Es ist zweifelsohne ein großes Verdienst der Untersuchung, die äußerst vielfältigen Quellen der Wirkungsgeschichte dieses biblischen Textes zusammengetragen und gesichtet zu haben. Eine weitere Erschließung der reichhaltigen Literatur, nicht nur durch das Literaturverzeichnis, sondern durch ein Register der literarischen Texte bzw. der Schriftsteller, wäre dabei eine wünschenswerte Bereicherung gewesen.

Im dritten Hauptteil C werden die Ergebnisse von Exegese wie von literarischer Rezeption in Beziehung zueinander gebracht. Das reiche Motivrepertoire der Jerusalemvision hat im Laufe einer fast 2000-jährigen Wirkungsgeschichte sowohl formal als auch inhaltlich eine äußerst vielfältige Rezeption erfahren. Unter den Aspekten "Gott im Spannungsfeld von distanzierter Allmacht und liebender Nähe", "Die christliche Hoff- nungsperspektive auf dem Prüfstand" sowie der Betrachtung des "Neuen Jerusalem" als einer "konkretisierten Hoffnung", die vom historischen Ort Jerusalem nicht ohne weiteres zu trennen ist, werden die Erträge beider Betrachtungsweisen, der exegetisch-historischen wie der literarisch-wirkungsgeschichtlichen, gegenübergestellt.

Als Ergebnis dieses interdisziplinären Vorgehens erweist sich eine historisch-kritische wie eine sprachwissenschaftliche Analyse als nach wie vor unerlässlich.
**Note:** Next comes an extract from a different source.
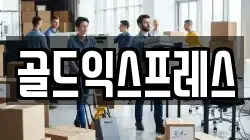 강원특별자치도 양양군 현북면 이사,포장이사,반포장이사,원룸이사,사무실이사,용달이사,전국이사,보관이사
Zugleich aber kann durch eine eingehende Untersuchung der literarischen Rezeption eines Textes im Laufe seiner Wirkungsgeschichte der exegetische Blick geweitet und somit ein sich gegenseitig bereichender Dialog eröffnet werden.

Zur Wahrnehmung einer solch mehrdimensionalen Perspektive, die sowohl die lange Traditionsgeschichte als auch die noch weiter reichende Rezeptionsgeschichte eines so wirkmächtigen Textes wie Offb 21,1-22,5 in den Blick nimmt, hat die Vfn. einen wichtigen Beitrag geliefert.